Records: Begin
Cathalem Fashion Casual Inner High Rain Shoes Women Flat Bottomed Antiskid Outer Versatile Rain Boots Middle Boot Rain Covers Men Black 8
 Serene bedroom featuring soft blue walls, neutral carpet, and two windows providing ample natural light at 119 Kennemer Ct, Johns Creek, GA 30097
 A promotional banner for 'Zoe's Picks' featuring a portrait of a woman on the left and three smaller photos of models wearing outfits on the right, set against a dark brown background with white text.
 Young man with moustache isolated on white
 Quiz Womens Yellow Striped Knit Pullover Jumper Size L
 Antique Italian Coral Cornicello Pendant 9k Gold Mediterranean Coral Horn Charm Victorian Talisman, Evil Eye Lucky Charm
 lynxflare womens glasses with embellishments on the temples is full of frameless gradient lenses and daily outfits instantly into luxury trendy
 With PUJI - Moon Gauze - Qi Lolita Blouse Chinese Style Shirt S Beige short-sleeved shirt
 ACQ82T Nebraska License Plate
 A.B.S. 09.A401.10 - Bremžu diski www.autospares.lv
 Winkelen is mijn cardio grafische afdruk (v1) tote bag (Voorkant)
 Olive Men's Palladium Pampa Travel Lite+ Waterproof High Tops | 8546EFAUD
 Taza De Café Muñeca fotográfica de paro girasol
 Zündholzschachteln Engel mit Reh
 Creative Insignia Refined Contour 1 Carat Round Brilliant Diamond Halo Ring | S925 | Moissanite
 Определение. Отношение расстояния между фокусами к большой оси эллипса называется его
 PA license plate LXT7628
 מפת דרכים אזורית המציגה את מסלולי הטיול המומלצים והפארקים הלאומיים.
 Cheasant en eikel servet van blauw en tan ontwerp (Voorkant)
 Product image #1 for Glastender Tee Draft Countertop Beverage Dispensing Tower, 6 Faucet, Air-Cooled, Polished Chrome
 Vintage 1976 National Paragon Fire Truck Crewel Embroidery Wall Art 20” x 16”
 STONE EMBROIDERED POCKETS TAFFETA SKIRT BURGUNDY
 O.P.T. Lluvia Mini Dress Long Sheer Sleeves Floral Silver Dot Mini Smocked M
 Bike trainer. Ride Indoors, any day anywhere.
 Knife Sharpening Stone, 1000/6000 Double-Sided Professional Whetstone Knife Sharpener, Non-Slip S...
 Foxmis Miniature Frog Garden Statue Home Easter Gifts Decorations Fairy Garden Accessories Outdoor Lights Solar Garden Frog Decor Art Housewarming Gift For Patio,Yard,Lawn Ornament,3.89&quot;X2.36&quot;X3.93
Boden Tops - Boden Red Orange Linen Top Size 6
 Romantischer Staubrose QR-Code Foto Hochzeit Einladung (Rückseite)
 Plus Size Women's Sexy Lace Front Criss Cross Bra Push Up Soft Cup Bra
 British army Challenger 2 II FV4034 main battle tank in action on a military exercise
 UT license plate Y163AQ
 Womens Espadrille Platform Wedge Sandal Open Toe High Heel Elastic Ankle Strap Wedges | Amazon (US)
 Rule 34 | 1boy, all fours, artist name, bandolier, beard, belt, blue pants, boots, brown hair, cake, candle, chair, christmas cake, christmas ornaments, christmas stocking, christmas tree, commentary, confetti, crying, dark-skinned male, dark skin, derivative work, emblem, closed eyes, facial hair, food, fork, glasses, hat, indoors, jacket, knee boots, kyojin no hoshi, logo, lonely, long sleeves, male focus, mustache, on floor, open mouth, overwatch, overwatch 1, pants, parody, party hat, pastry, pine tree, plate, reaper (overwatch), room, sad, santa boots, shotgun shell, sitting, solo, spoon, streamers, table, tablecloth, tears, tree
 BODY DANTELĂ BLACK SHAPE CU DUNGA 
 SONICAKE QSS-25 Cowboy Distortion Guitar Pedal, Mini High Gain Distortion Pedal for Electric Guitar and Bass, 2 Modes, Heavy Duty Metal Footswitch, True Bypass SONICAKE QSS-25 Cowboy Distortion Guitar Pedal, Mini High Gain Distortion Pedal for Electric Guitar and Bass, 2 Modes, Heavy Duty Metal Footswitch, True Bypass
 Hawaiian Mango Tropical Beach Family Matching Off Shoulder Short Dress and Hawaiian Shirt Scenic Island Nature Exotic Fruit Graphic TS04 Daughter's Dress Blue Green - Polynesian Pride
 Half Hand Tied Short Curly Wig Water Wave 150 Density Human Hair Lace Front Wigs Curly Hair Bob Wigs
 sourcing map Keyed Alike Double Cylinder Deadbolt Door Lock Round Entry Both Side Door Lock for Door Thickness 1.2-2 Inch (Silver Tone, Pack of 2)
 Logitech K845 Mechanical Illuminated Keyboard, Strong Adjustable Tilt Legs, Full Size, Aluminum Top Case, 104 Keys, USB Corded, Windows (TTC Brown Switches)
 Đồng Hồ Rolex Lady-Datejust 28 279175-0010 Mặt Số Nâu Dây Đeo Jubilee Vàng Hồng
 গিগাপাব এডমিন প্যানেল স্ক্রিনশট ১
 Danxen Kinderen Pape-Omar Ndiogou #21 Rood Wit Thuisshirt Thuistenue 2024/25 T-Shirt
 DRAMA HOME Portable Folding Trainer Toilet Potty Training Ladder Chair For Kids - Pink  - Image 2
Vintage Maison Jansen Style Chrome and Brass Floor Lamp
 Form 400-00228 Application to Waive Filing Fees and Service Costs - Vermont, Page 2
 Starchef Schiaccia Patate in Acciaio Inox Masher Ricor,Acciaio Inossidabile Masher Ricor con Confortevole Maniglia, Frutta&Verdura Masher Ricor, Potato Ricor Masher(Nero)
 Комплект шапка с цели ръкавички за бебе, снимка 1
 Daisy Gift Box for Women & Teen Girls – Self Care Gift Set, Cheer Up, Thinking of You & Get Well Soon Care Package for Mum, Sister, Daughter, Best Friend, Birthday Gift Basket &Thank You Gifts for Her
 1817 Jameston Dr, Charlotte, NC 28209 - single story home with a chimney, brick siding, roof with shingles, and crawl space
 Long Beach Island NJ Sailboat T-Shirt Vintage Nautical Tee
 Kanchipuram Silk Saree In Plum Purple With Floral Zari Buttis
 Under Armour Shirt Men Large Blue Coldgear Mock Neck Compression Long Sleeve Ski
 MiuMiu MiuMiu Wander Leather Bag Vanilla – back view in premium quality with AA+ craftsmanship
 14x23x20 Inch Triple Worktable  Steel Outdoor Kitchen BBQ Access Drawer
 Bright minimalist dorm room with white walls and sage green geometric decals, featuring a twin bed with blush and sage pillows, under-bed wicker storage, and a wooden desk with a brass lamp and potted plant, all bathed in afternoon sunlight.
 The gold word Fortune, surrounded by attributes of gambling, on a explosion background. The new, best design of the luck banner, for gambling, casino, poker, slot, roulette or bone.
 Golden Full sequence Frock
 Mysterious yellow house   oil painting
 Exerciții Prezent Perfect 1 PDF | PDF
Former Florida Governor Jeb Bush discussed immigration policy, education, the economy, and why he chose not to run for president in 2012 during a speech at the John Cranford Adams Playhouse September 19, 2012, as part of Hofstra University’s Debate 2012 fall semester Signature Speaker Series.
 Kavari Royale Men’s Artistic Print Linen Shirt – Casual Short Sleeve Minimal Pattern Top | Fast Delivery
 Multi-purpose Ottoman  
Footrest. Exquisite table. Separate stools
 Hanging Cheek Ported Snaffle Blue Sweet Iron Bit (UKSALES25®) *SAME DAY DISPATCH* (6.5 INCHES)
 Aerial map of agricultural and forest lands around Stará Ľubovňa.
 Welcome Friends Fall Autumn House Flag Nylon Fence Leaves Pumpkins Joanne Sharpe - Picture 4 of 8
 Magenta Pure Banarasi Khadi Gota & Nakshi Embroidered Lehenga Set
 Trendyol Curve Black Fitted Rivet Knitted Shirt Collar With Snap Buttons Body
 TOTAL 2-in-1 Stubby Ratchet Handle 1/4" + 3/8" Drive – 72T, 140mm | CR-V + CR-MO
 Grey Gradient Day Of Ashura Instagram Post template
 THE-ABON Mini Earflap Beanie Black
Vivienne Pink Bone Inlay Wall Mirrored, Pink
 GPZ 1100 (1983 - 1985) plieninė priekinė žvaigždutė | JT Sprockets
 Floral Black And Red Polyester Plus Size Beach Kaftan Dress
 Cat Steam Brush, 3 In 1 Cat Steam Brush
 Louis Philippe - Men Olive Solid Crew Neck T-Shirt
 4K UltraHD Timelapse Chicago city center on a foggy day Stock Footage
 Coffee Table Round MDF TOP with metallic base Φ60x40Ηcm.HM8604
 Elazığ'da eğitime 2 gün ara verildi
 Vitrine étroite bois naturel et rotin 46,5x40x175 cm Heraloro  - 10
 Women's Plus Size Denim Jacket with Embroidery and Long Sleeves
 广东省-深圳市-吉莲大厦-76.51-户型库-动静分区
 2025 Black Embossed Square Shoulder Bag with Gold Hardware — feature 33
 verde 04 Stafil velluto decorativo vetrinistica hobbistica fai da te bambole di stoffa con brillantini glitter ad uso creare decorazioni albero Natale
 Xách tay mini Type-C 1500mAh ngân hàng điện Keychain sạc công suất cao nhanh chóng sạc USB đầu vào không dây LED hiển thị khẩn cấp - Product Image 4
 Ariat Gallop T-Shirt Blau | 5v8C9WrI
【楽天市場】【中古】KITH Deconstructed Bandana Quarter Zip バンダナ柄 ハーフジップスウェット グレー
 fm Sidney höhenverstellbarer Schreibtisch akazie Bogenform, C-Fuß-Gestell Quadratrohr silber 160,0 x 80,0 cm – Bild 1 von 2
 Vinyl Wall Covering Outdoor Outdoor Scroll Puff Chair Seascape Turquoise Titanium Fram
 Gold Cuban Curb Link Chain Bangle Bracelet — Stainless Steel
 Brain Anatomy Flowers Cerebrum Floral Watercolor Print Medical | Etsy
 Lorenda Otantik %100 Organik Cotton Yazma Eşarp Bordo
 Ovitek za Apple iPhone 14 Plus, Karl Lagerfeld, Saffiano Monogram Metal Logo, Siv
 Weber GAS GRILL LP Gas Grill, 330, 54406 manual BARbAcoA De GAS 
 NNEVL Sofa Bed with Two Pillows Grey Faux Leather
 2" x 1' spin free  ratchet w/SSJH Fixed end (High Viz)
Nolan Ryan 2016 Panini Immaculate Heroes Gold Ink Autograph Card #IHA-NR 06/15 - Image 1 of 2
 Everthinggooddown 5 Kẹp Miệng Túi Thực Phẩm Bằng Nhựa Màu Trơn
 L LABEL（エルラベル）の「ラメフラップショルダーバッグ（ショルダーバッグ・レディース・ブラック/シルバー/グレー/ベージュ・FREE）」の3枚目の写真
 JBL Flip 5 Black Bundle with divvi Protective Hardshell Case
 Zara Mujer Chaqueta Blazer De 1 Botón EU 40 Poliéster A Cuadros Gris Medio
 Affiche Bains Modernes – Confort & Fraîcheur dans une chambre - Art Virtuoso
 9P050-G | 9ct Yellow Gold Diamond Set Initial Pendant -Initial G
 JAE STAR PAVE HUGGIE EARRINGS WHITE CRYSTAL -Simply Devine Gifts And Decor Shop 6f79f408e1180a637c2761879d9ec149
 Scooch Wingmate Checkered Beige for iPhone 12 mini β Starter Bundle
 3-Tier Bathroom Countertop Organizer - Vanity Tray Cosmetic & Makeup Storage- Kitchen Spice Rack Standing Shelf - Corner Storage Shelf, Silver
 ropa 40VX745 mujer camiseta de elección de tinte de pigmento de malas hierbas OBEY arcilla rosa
Records: End
In the data above, which lines lie between the line with "O.P.T. Lluvia Mini" and the line with "Hawaiian Mango Tropical", inclusive? Print those lines exactly and nothing else.

 O.P.T. Lluvia Mini Dress Long Sheer Sleeves Floral Silver Dot Mini Smocked M
 Bike trainer. Ride Indoors, any day anywhere.
 Knife Sharpening Stone, 1000/6000 Double-Sided Professional Whetstone Knife Sharpener, Non-Slip S...
 Foxmis Miniature Frog Garden Statue Home Easter Gifts Decorations Fairy Garden Accessories Outdoor Lights Solar Garden Frog Decor Art Housewarming Gift For Patio,Yard,Lawn Ornament,3.89&quot;X2.36&quot;X3.93
Boden Tops - Boden Red Orange Linen Top Size 6
 Romantischer Staubrose QR-Code Foto Hochzeit Einladung (Rückseite)
 Plus Size Women's Sexy Lace Front Criss Cross Bra Push Up Soft Cup Bra
 British army Challenger 2 II FV4034 main battle tank in action on a military exercise
 UT license plate Y163AQ
 Womens Espadrille Platform Wedge Sandal Open Toe High Heel Elastic Ankle Strap Wedges | Amazon (US)
 Rule 34 | 1boy, all fours, artist name, bandolier, beard, belt, blue pants, boots, brown hair, cake, candle, chair, christmas cake, christmas ornaments, christmas stocking, christmas tree, commentary, confetti, crying, dark-skinned male, dark skin, derivative work, emblem, closed eyes, facial hair, food, fork, glasses, hat, indoors, jacket, knee boots, kyojin no hoshi, logo, lonely, long sleeves, male focus, mustache, on floor, open mouth, overwatch, overwatch 1, pants, parody, party hat, pastry, pine tree, plate, reaper (overwatch), room, sad, santa boots, shotgun shell, sitting, solo, spoon, streamers, table, tablecloth, tears, tree
 BODY DANTELĂ BLACK SHAPE CU DUNGA 
 SONICAKE QSS-25 Cowboy Distortion Guitar Pedal, Mini High Gain Distortion Pedal for Electric Guitar and Bass, 2 Modes, Heavy Duty Metal Footswitch, True Bypass SONICAKE QSS-25 Cowboy Distortion Guitar Pedal, Mini High Gain Distortion Pedal for Electric Guitar and Bass, 2 Modes, Heavy Duty Metal Footswitch, True Bypass
 Hawaiian Mango Tropical Beach Family Matching Off Shoulder Short Dress and Hawaiian Shirt Scenic Island Nature Exotic Fruit Graphic TS04 Daughter's Dress Blue Green - Polynesian Pride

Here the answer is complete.